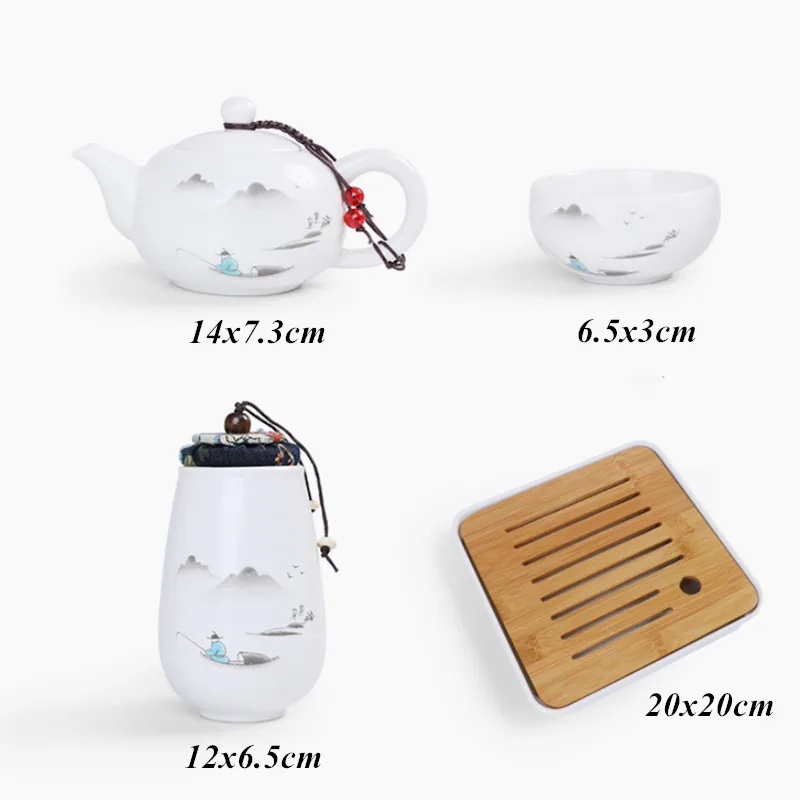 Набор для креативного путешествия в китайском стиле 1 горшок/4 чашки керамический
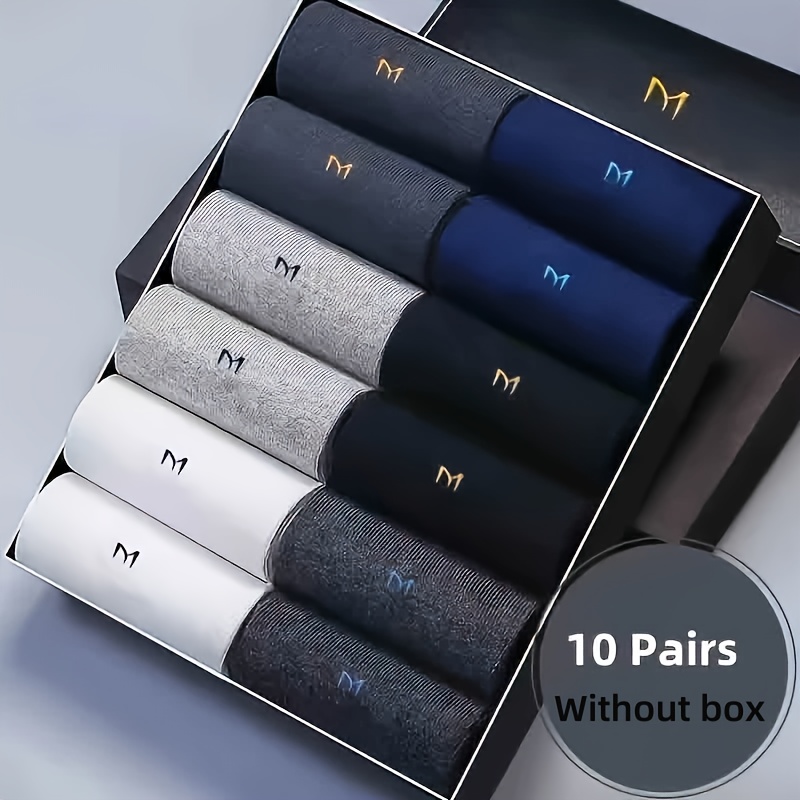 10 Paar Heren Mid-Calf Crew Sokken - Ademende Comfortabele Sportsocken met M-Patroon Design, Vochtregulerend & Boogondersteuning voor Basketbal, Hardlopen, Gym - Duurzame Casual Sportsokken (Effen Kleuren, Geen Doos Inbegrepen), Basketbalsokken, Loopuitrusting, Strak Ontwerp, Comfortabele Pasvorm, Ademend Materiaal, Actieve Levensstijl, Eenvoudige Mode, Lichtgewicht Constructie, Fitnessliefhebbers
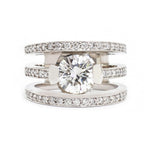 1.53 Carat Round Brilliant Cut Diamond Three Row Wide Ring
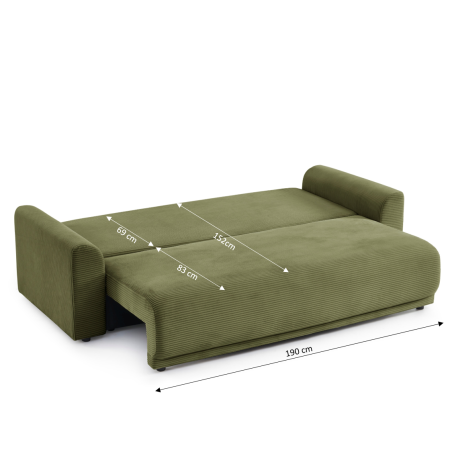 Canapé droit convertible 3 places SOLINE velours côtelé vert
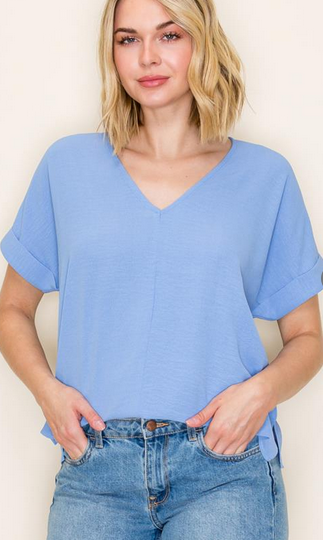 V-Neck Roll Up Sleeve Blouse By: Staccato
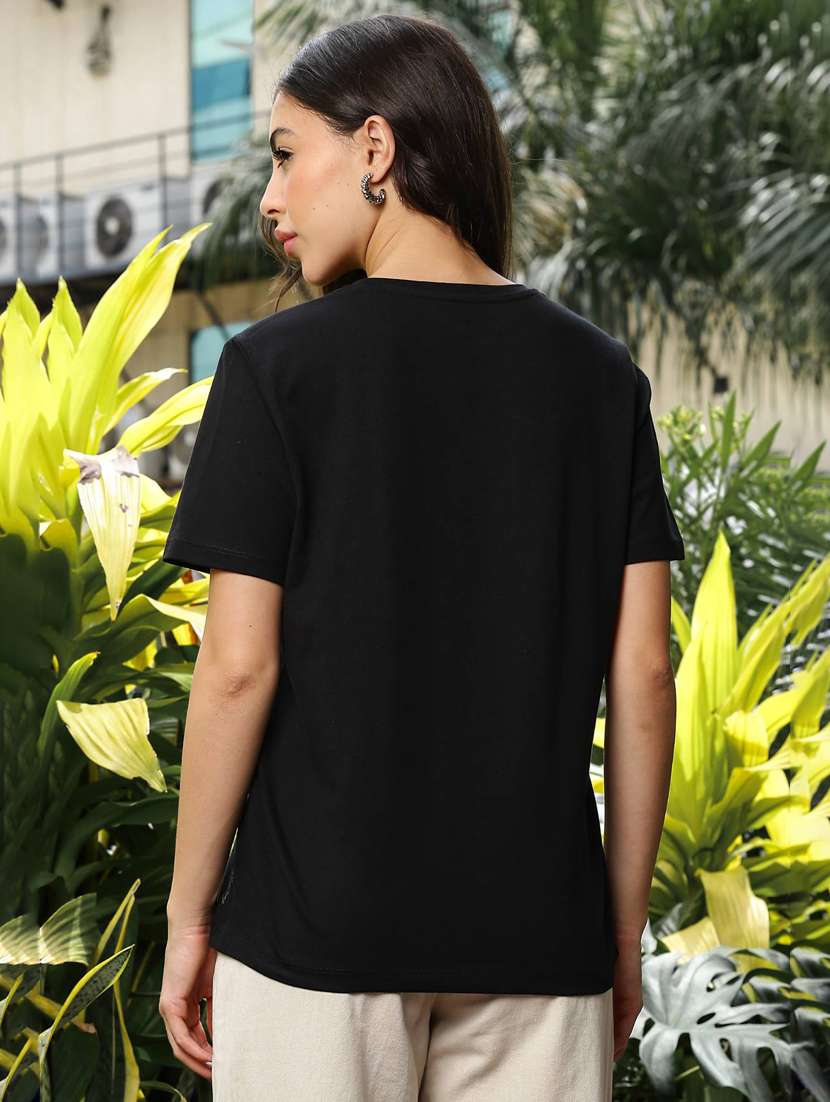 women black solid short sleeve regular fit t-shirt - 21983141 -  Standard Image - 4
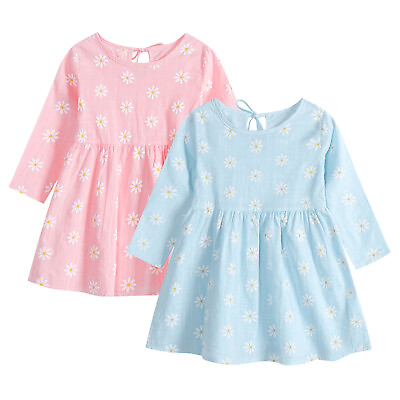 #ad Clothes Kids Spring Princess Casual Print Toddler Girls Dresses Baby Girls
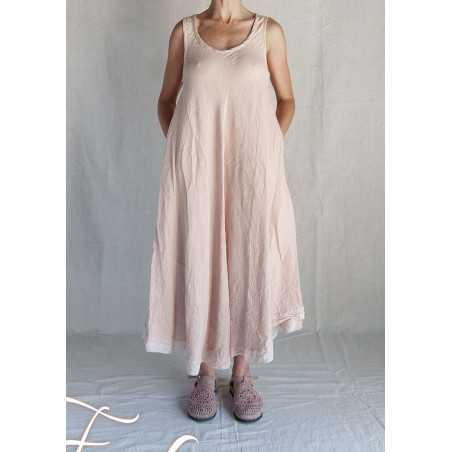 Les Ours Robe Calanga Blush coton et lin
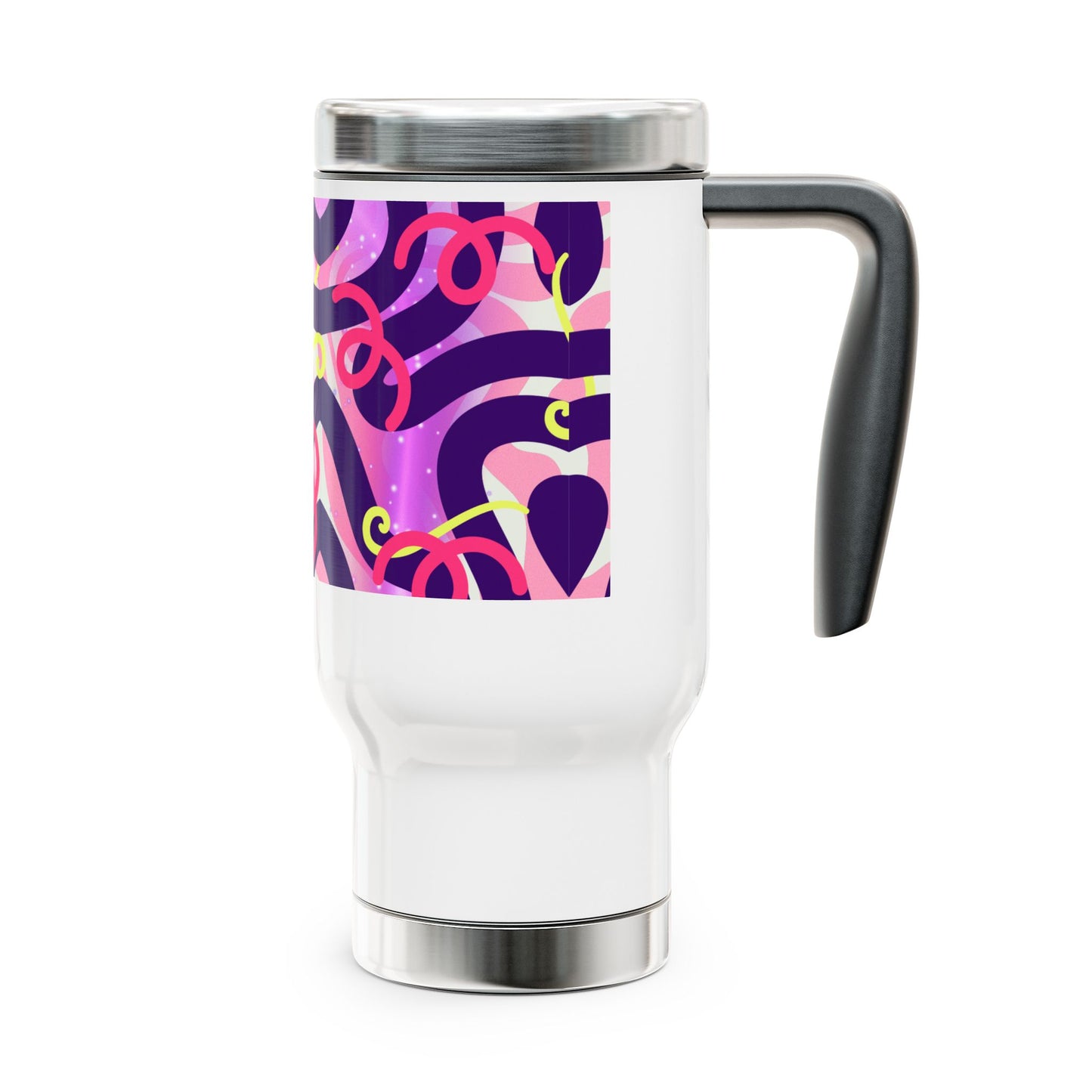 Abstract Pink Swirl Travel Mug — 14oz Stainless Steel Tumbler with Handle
--------------------
▶ _What the task asks_: Keep each line of the records exactly as it is while transcribing them, but leave the images behind.

▶ _Exercise solution_:
 Набор для креативного путешествия в китайском стиле 1 горшок/4 чашки керамический
 10 Paar Heren Mid-Calf Crew Sokken - Ademende Comfortabele Sportsocken met M-Patroon Design, Vochtregulerend & Boogondersteuning voor Basketbal, Hardlopen, Gym - Duurzame Casual Sportsokken (Effen Kleuren, Geen Doos Inbegrepen), Basketbalsokken, Loopuitrusting, Strak Ontwerp, Comfortabele Pasvorm, Ademend Materiaal, Actieve Levensstijl, Eenvoudige Mode, Lichtgewicht Constructie, Fitnessliefhebbers
 1.53 Carat Round Brilliant Cut Diamond Three Row Wide Ring
 Canapé droit convertible 3 places SOLINE velours côtelé vert
 V-Neck Roll Up Sleeve Blouse By: Staccato
 women black solid short sleeve regular fit t-shirt - 21983141 -  Standard Image - 4
 #ad Clothes Kids Spring Princess Casual Print Toddler Girls Dresses Baby Girls
 Les Ours Robe Calanga Blush coton et lin
 Abstract Pink Swirl Travel Mug — 14oz Stainless Steel Tumbler with Handle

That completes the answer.